Problem statement.
Starting with the line that holds "Carte Postale Hello", copy out each remaining line of the listing below, up to and including the last one, and include nothing else.
····················
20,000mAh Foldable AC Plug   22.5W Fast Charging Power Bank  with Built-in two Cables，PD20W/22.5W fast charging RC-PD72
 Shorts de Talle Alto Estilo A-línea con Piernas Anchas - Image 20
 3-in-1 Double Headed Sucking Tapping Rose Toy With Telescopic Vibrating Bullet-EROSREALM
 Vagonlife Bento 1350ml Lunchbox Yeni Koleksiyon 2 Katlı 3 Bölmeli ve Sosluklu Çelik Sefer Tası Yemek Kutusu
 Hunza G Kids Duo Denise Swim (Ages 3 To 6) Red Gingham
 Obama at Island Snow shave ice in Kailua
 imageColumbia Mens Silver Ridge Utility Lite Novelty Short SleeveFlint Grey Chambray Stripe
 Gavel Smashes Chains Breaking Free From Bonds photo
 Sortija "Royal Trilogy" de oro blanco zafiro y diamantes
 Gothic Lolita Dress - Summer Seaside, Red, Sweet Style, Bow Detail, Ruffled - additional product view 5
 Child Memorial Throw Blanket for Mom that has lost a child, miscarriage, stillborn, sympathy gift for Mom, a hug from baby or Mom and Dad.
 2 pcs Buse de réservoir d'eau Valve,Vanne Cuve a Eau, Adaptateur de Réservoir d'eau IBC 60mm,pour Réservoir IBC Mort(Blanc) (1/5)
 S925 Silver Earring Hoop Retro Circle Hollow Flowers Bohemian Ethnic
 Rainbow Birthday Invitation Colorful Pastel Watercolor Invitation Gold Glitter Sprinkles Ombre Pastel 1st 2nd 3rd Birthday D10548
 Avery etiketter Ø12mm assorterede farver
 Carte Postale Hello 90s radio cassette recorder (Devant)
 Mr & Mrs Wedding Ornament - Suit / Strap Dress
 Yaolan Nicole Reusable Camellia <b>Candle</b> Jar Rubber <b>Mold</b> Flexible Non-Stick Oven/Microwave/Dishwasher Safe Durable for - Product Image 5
····················
Solution for this problem.
 Carte Postale Hello 90s radio cassette recorder (Devant)
 Mr & Mrs Wedding Ornament - Suit / Strap Dress
 Yaolan Nicole Reusable Camellia <b>Candle</b> Jar Rubber <b>Mold</b> Flexible Non-Stick Oven/Microwave/Dishwasher Safe Durable for - Product Image 5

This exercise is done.